Aku tidak ingin mati di antara abjad yang kita lafalkan pada malam tiap menanti fajar.
Aku tidak ingin kau mati di sela-sela bait yang sesekali tertunduk kaku.
Dan semoga kau tidak mati dalam sesak nya semesta yang kucipta.
Semoga kita tidak lelah menyusun langkah.
Dan ribuan semoga lainnya kukirimkan pada senja yang memerah.

Monday, 29 September 2014

Pada malam yg ranum dan perbincangan yg larut aku gantungkan sebuah harap.
Pada pagi yg menjelang, kusisipkan sisa-sisa kenangan malam di sela-sela kelopak matamu.

Sunday, 28 September 2014

Dadaku sesak,
Dipenuhi bunga-bunga yang bermekaran dengan indah
Lengkap dengan kupu-kupu berterbangan kesana-kemari,
Dan juga kau

Saturday, 30 August 2014

Kita terhempas ke tengah lautan
Dadamu sesak
Kepalamu digenangi mawar hitam
Bibirmu membiru

Kita nyanyikan nada-nada depresi
Perutmu meledak,
Kupu-kupu hitam berpacu keluar

Ah, padahal aku hanya ingin berdansa denganmu

Thursday, 20 February 2014

Entah Apa

Langit masih setia bersinar cerah di atas pohon oak yang mekar menghijau daun-daunnya. Kokoh, tanpa ada yang berguguran. Ia saling bertukar tawa dengan bunga padma yang bermekaran begitu anggun di hadapannya. Sedang langitku abu, kepalaku digelapi entah apa, dipenuhi kebingungan yang entah apa.
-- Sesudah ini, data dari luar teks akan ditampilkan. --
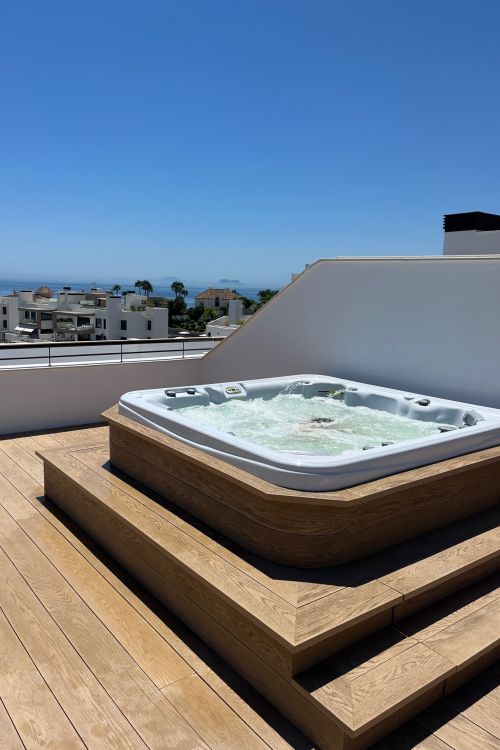 Luxury Penthouse with Rooftop Jacuzzi & Panoramic Sea Views – 115 m² Terraces | Estepona
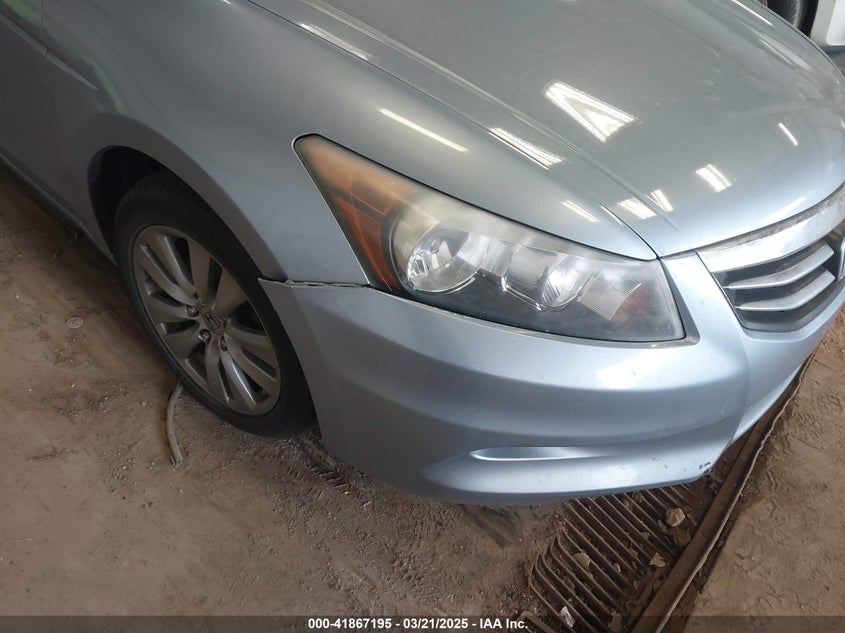 2012 HONDA ACCORD VIN: 1HGCP3F84CA027645
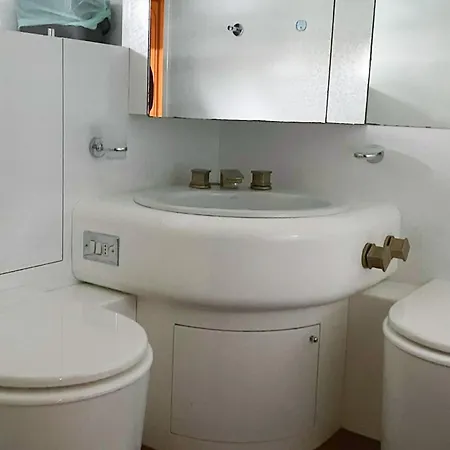 Hotel na wodzie Bb Boat Lady A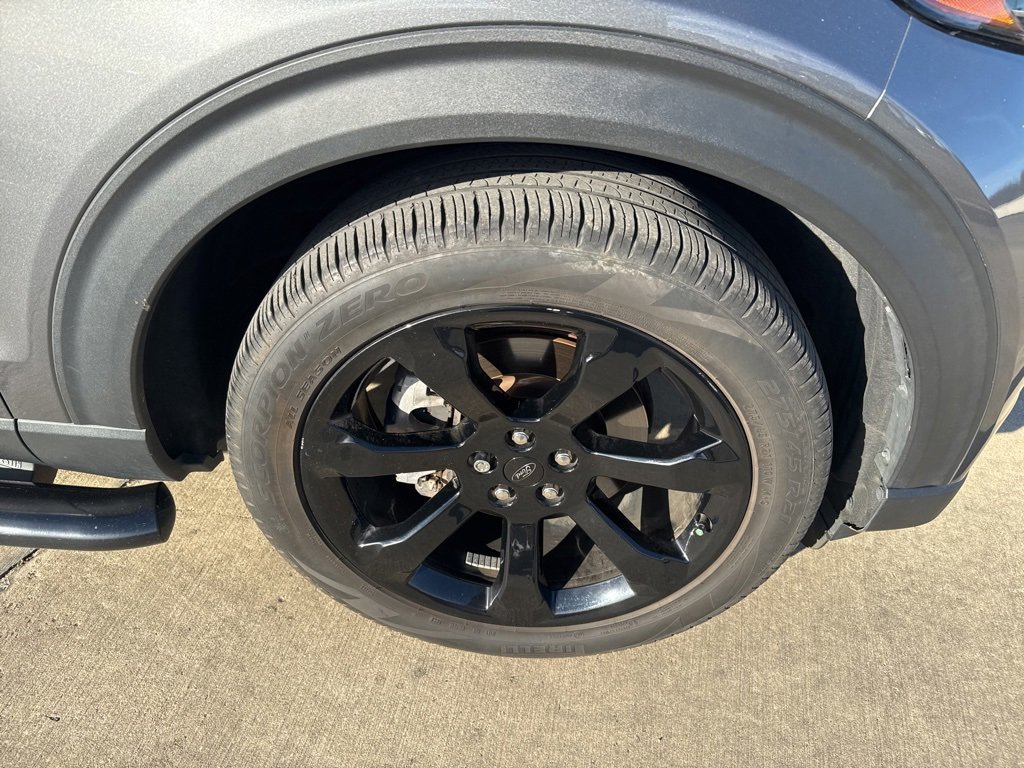 Certified 2023 Ford Explorer ST-Line w/ Class IV Trailer Tow Package image 18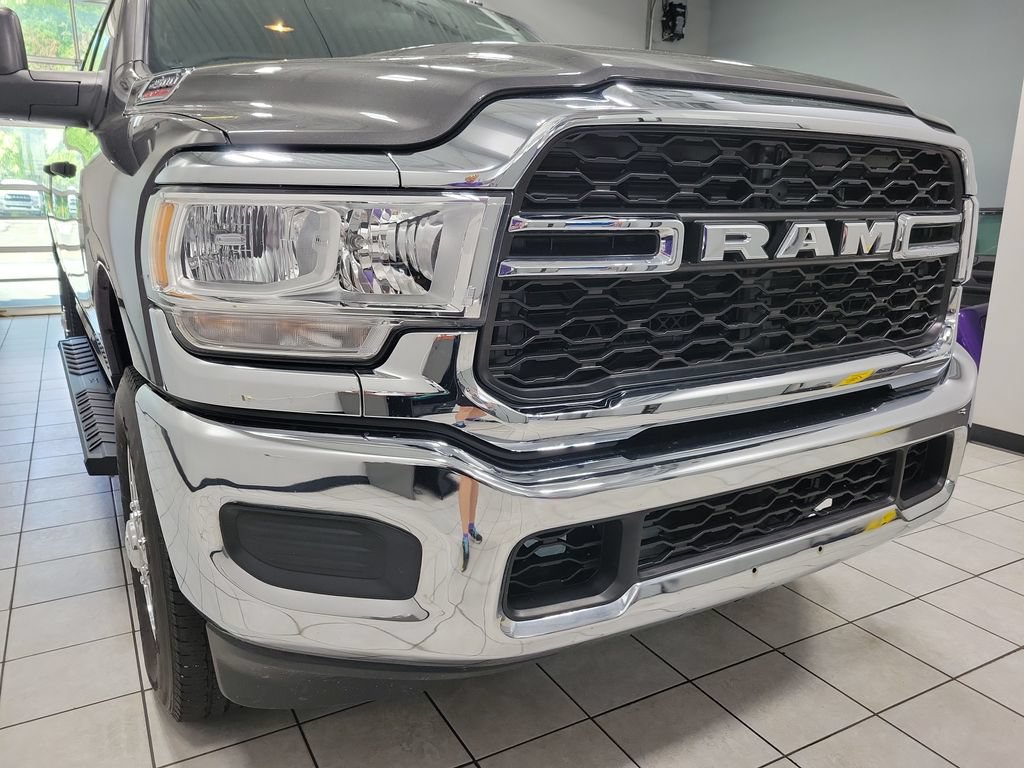 Used 2024 RAM 2500 Tradesman w/ Chrome Appearance Group AWD/4WD image 26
Thursday, 12 December 2013

Pahit

Kerongkonganku masih pahit sisa kopi semalam, detak nya masih belum kembali normal, dan sekarang kau menambahkan lagi segelas pahit nya. Kerongkonganku semakin pekat. Ditambah lagi berbatang cerutu yang kau nyalakan. Dan kau menghilang dibalik kebulan asapnya.
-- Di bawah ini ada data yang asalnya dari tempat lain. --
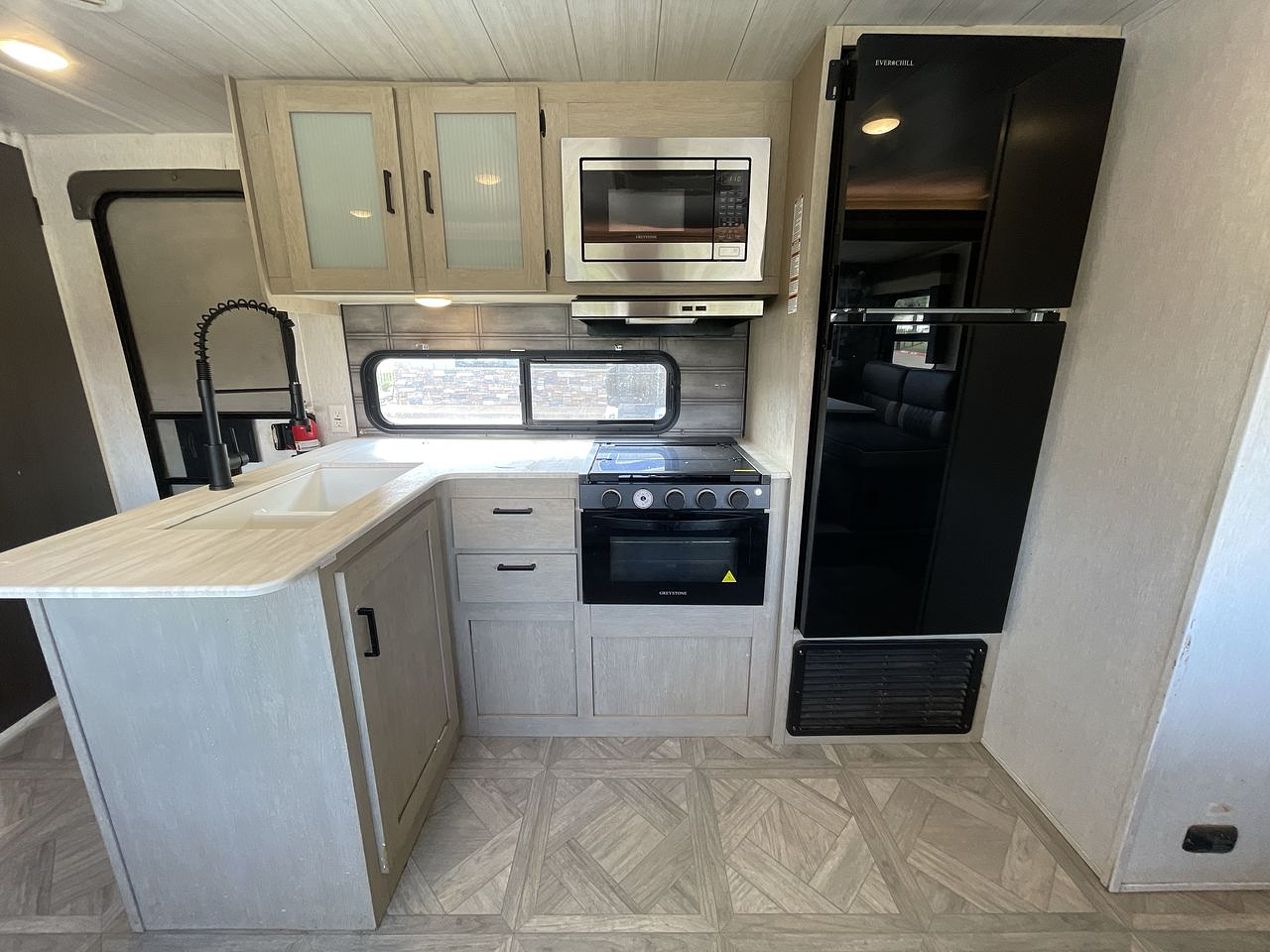 2023 FOREST RIVER WILDWOOD 273QBXL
Padahal kau masih meyisakan sepiring kerinduan di meja. Labirin dengan tembok terjal yang menjulang tinggi pada jalan keluarnya yang harus kutempuh untuk menujumu. Lalu aku delusional. Kau kembali dengan membawa tikar piknik dan kotak bekal, untuk kita bertamasya. Yang kelak padahal hanya menambah pahit kerongkonganku yang semakin pekat.
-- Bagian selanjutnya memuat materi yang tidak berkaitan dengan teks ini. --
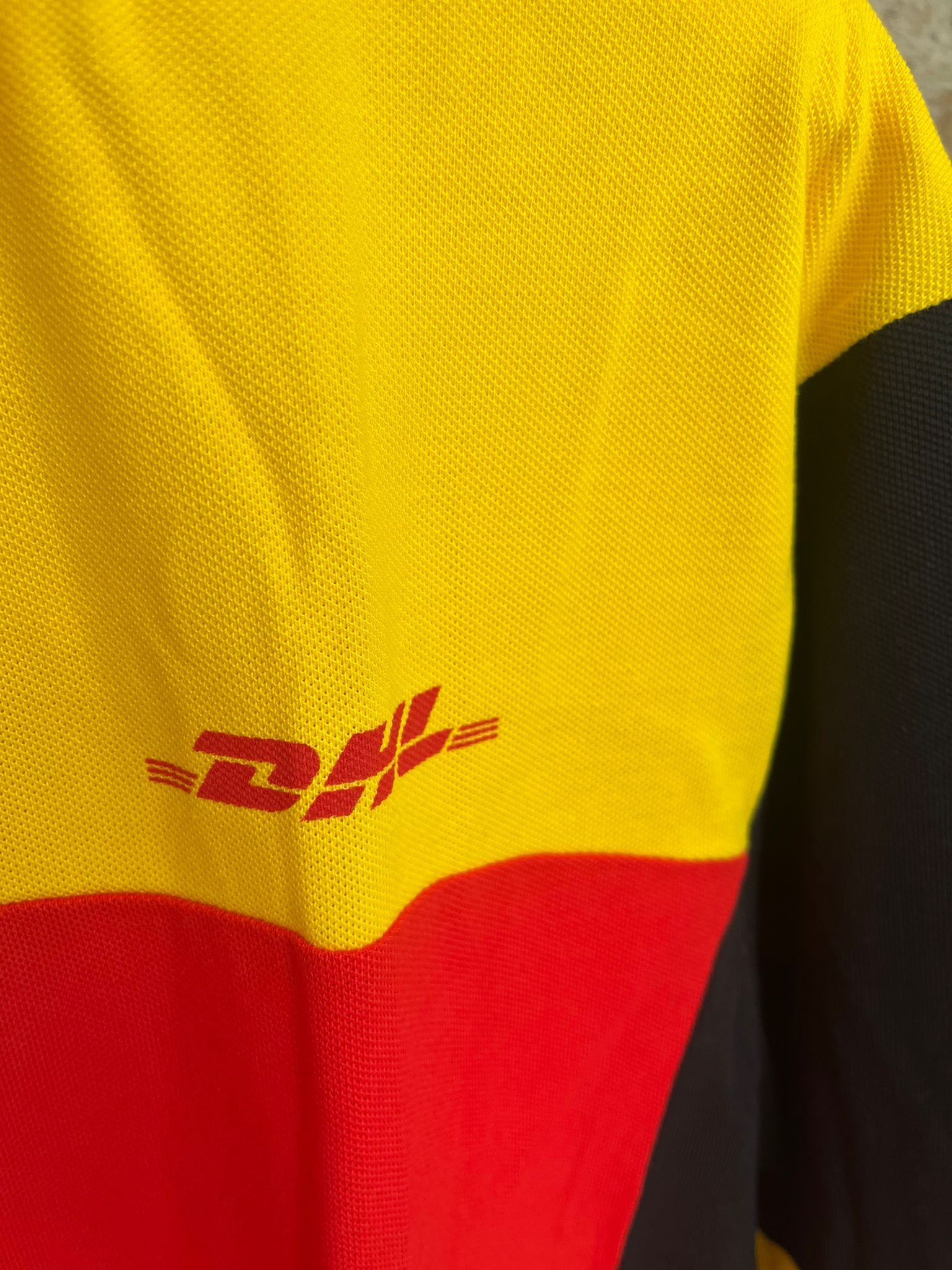 Vetements SS18 Q:2 / DHL Logo Polo in Multicolor Size US M / EU 48-50 / 2 - 11 Thumbnail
Lalu aku memilih untuk menghilangkanmu di antara bait-bait harian pagi yang tak pernah baik. Karena kau memang pahit. Juga rumit. Kerap berkelit. Tapi apa daya, aku suka pahit.

Wednesday, 11 December 2013

Romansa Warung Kopi

Jalanan basah kuyup dijatuhi hujan. Namun di sini tetap hangat. Di antara kepulan asap rokok, wacana membanjiri meja kita. Di antara pelayan yang berlalu lalang, kepala kita saling antusias untuk disesaki hal-hal menarik. Musik dari speaker terdengar sayup-sayup, tertutup oleh riuh nya wacana.

Lalu kita menyeduh cangkir masing-masing. Tanpa mempedulikan waktu. Membiarkan diri kita hanyut oleh wacana-wacana yang mengalir dengan deras. Sesekali tertawa. Sesekali dahi kita berkerut. Sesekali mencibir. Sesekali diam sambil melihat ke jalan.

Saling melempar sebuah senyum. Lalu kita pulang. Ditemani pekat kopi dan degup kafein, juga menghirup wangi sehabis hujan. Sebuah romansa sederhana dari warung kopi.

Monday, 18 November 2013

Aku takut kamu jadi robot.
Padahal robot saja sekarang di-manusia-kan.
Aku kasihan kalau hidup kamu hanya seindah kubikel.
Padahal di luar sana ada taman yang indah.